* EXERCISE INSTRUCTIONS *
Repeat, exactly as they appear, the lines from the one with "this 800×457 image." through the last line of the entries below, but none of the pictures.

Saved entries
┌────────
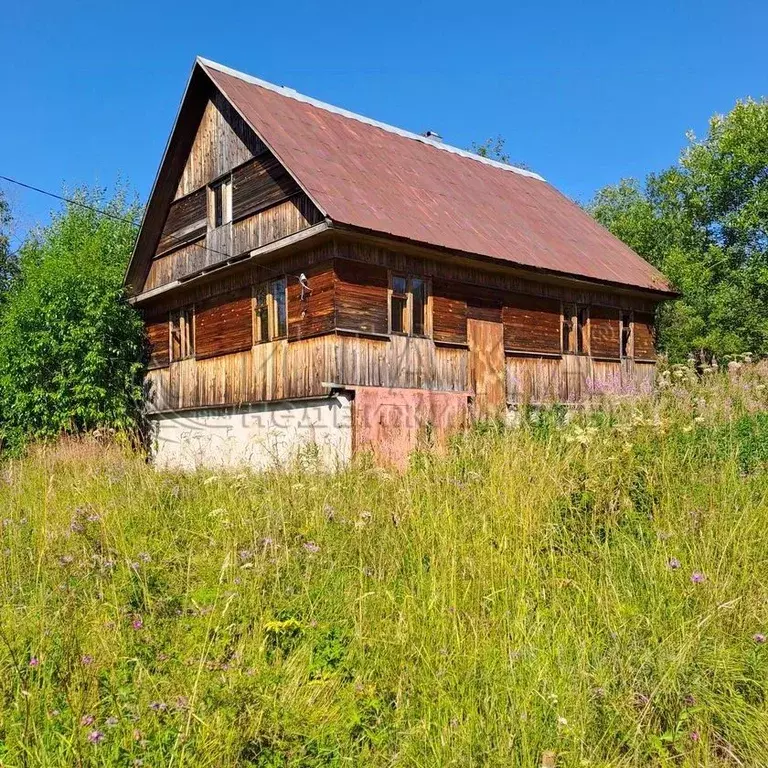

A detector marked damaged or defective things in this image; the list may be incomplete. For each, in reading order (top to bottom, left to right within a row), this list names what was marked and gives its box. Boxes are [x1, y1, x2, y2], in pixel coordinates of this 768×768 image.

rusty metal roof [198, 58, 672, 294]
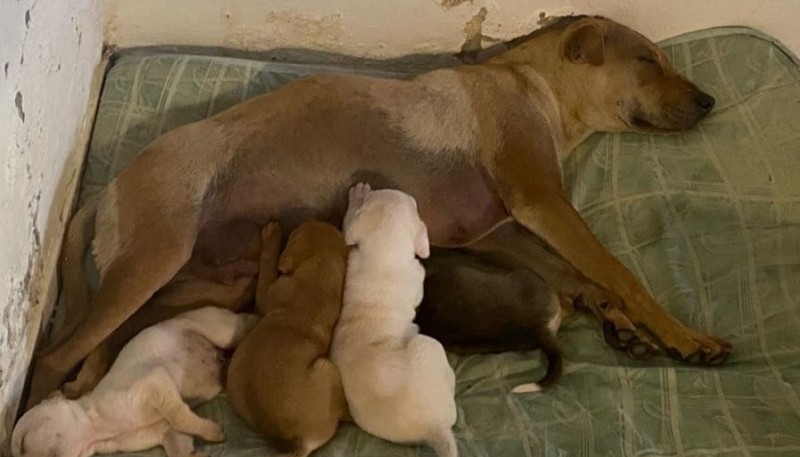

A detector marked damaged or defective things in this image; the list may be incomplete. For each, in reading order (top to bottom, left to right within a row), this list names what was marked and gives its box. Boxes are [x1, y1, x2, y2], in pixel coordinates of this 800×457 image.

chipped plaster wall [0, 0, 103, 448]
chipped plaster wall [101, 0, 800, 57]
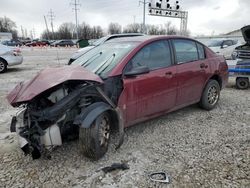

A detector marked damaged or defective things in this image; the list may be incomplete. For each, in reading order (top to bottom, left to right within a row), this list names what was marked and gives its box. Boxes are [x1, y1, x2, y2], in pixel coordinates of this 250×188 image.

damaged car [6, 35, 229, 160]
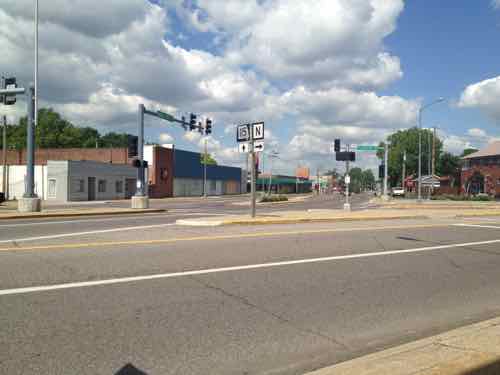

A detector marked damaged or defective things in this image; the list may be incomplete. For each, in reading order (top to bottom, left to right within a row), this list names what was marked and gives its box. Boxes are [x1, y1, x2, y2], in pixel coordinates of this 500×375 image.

cracked asphalt road [0, 216, 500, 374]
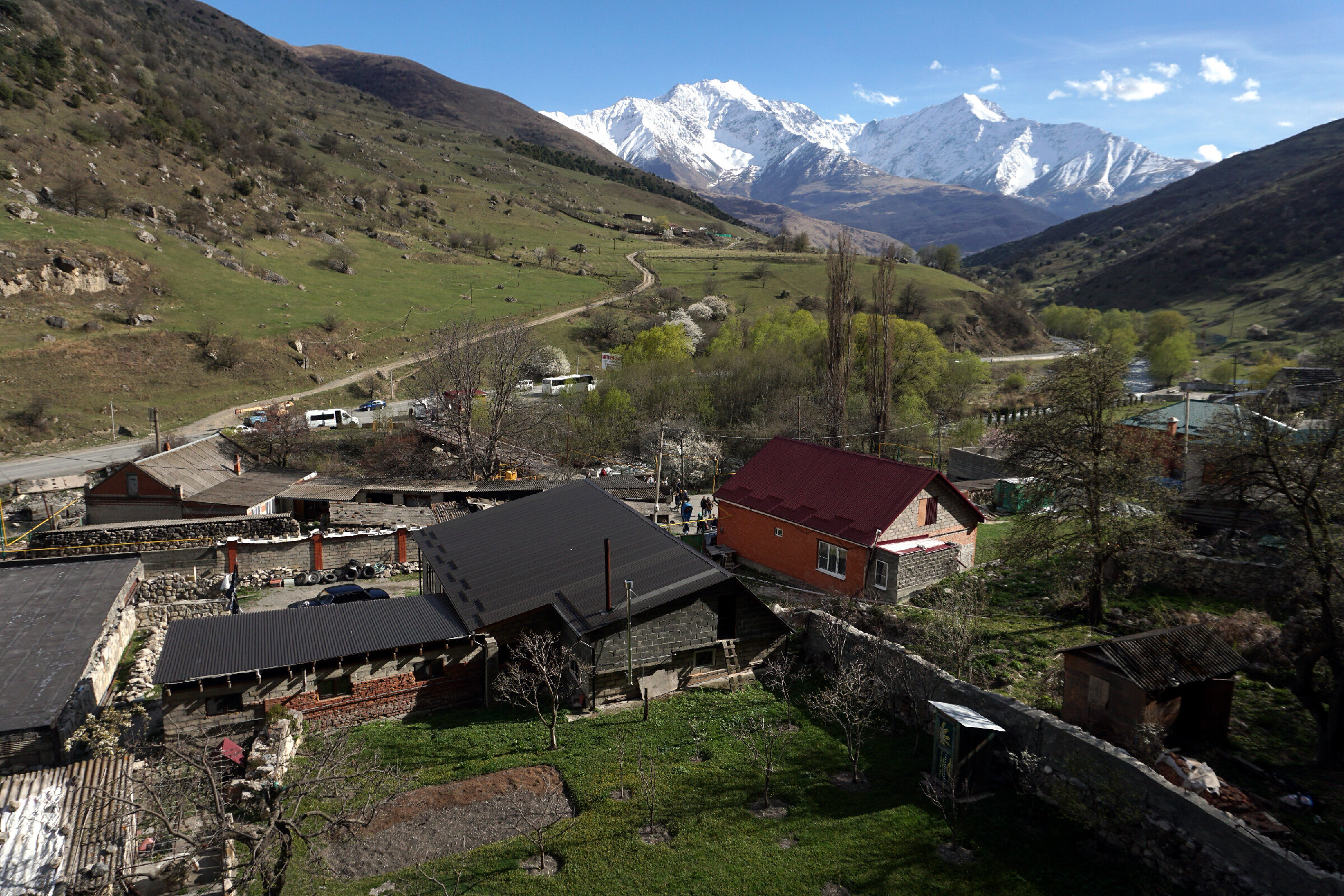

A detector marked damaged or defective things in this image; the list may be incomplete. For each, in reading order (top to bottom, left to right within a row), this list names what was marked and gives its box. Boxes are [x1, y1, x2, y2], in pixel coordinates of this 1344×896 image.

rusty metal roof [1053, 623, 1242, 693]
rusty metal roof [0, 757, 133, 896]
└────────
* WRITTEN SOLUTION *
A detector marked damaged or defective things in this image; the list may be incomplete. For each, in reading order (top to bottom, left to right within a row), this list names what was marked and gives its box. Boxes are [x1, y1, x2, y2], in pixel coordinates of this 800×457 image.

chipped plaster wall [0, 0, 103, 448]
chipped plaster wall [101, 0, 800, 57]

A detector marked damaged or defective things in this image; the list may be incomplete. For each, in reading order (top to bottom, left to right within a row), this list names what was marked and gives its box. Boxes are [x1, y1, x2, y2], in pixel coordinates of this 250×188 image.

damaged car [6, 35, 229, 160]

A detector marked damaged or defective things in this image; the list may be incomplete. For each, in reading order (top to bottom, left to right within a row), this list names what was marked and gives its box. Boxes are [x1, y1, x2, y2], in pixel coordinates of this 500×375 image.

cracked asphalt road [0, 216, 500, 374]

A detector marked damaged or defective things in this image; the list may be incomplete. For each, in reading order (top to bottom, left to right within a row), this list names what was marked and gives its box. Boxes are [x1, y1, x2, y2], in pixel coordinates of this 1344×896 image.

rusty metal roof [1053, 623, 1242, 693]
rusty metal roof [0, 757, 133, 896]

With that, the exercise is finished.